Python has become one of the most popular programming languages. Its concise and straightforward syntax, as well as the easy-to-use type system, ensure a flat learning curve. Besides C++, Python has become the programming language of choice in the high-energy physics community. The small entry barrier has the inadvertent disadvantage that more low-quality code is contributed to shared codebases.

This article displays a few hand-picked code examples that I’ve encountered in real-live while browsing through other people’s code. The intention is not to show that the authors had little time to work on the code, but to show these pieces and provide a better solution for the problem at hand, hoping that the same mistakes won’t be repeated.

1. Ensure directory

In the first example, the intention was to create the directory if it does not exist already. The solution I’ve seen was

os.system("mkdir -p " + name)  # Never do this!

The above code works in most of the cases but has a couple of fatal flaws.

  • The code can only run on unix-like machines. It will fail on Windows machines.
  • If name contains white spaces, it will create one directory for each space-delimited token. For example, if name = "Hello world" the above line will ensure the existence of the directory Hello and the directory world.
  • This line of Python code opens a huge security hole. Assume the variable is defined with name = "hello_world; touch x". In this case, the os.system call will execute two commands: mkdir and touch. This means we might execute arbitrary and potentially malicious code instead of ensuring the existence of a directory. Please, never do this.

Better solution

In most cases, there is no need to call os.system. Almost all common operations can be called from specialized methods without the inherent security issues of os.system.

from pathlib import Path

Path(name).mkdir(parents=True, exist_ok=True)

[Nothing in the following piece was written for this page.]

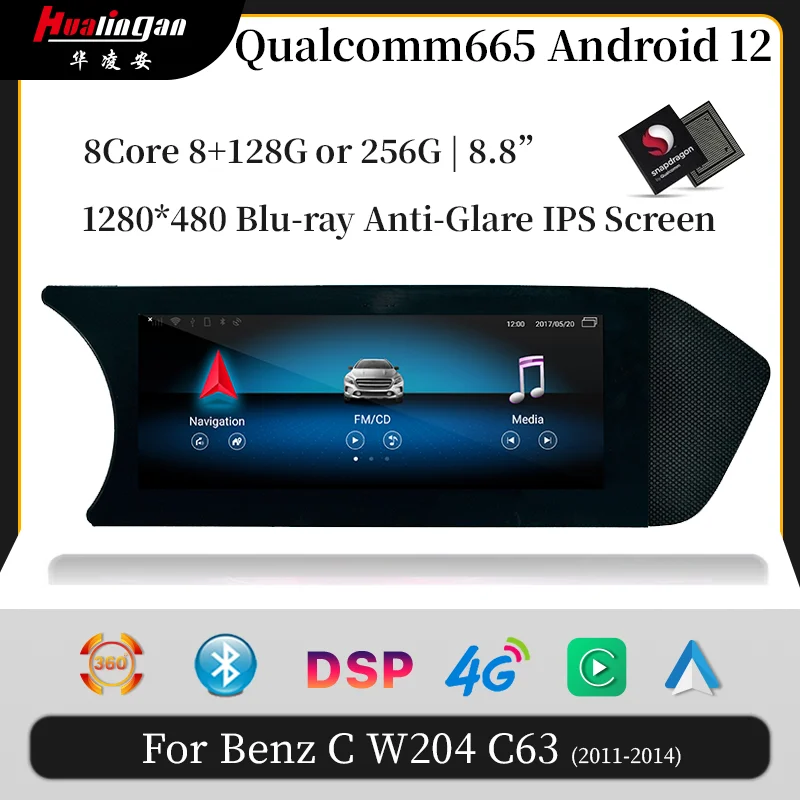 

Hualingan For Mercedes Benz C W204 NTG 4.5 Android 12 Touch Screen Upgrade Wireless Carplay Autoradio GPS Navi Radio Stereo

For more alternatives, see How can I safely create a nested directory?.

2. Write content of variable to file

In this example, the task was to write the content of a Python variable to a file. The low-quality code to solve this was

os.system("echo " + content + " > some_file")  # Never do this!

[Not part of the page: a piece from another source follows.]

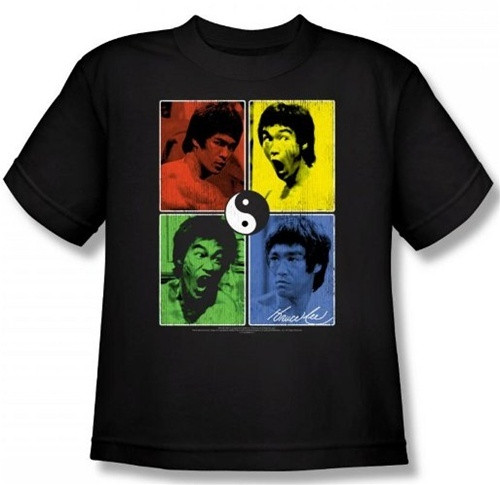 Bruce Lee Youth T-Shirt - Color Block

The above code works in most of the cases but has a couple of fatal flaws. The points are mostly repetitions from the previous example.

  • The code can only run on unix-like machines. It will fail on Windows machines.
  • Any line breaks in content will be converted to spaces in the output. The reason for this is that the arguments passed to echo are white-space-delimited, i.e., each line break will start a new argument. The arguments are echoed with a simple spaces as separator.
  • This line of Python code opens a huge security hole. Assume the variable is defined with content = "something; touch x; echo otherthing". In this case, the os.system call will execute three commands: echo, touch, and echo. This means we might execute arbitrary and potentially malicious code instead of simply writing to a file. Please, never do this.

Better solution

Python has first-class support of file IO with the reserved keyword open. Again, there is no need for os.system.

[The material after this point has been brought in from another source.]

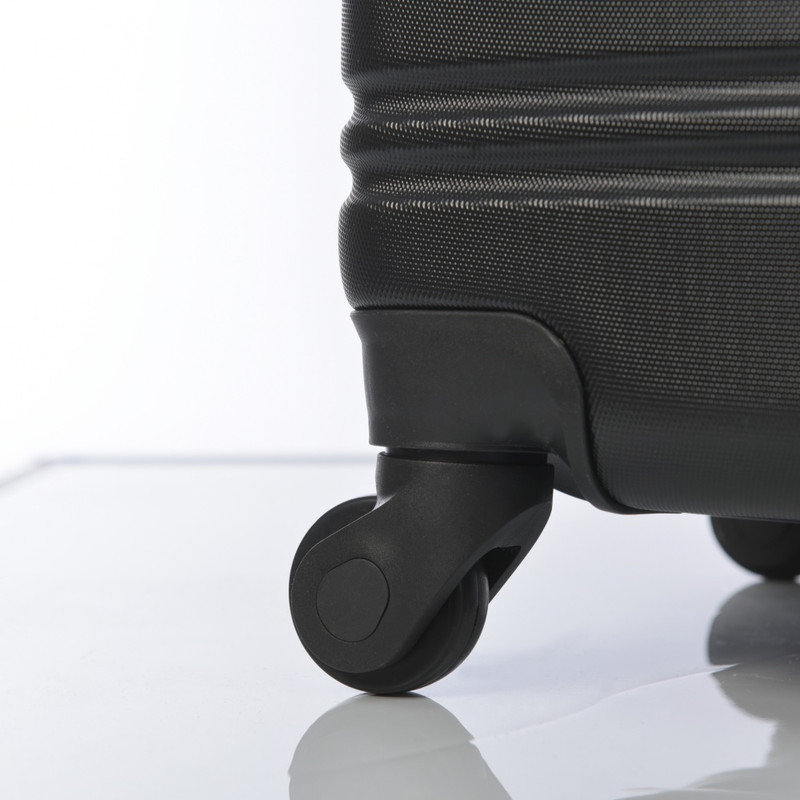 Ensemble de 3 valises rigides 3 pièces 20 24 28 pouces avec valise TSA, Black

with open("some_file", "w") as some_file:
    some_file.write(content)

3. Join list of strings by token

The goal, in this example, is to join a list of strings, e.g, ["a", "b", "hello"] by an other string, e.g., "-" to form the composite string "a-b-hello". The piece of code I’ve come across was

items = ["a", "b", "hello"]
result = items[0]
for i in range(1, len(items)): result += "-"+items[i]

Again, there are several issues with this code.

  • The list of items is usually generated dynamically. If the list is empty, these lines will raise an IndexError instead of producing an empty string.
  • The code is rather lengthy, and it’s not obvious what the code does.
  • The loop iterates over list indices instead of the list items itself which obfuscates the actual algorithm and creates the danger of messing up the indices.
  • The variable result is being modified many times. In general, it is easier to work with constant expressions. Strings in Python are immutable, which in this case means that for every item, a new, intermediate string is created. This can be a performance issue if the list of items is long.

A bit better

The following lines ensure that empty lists are handled correctly, and the loop iterates over the items itself.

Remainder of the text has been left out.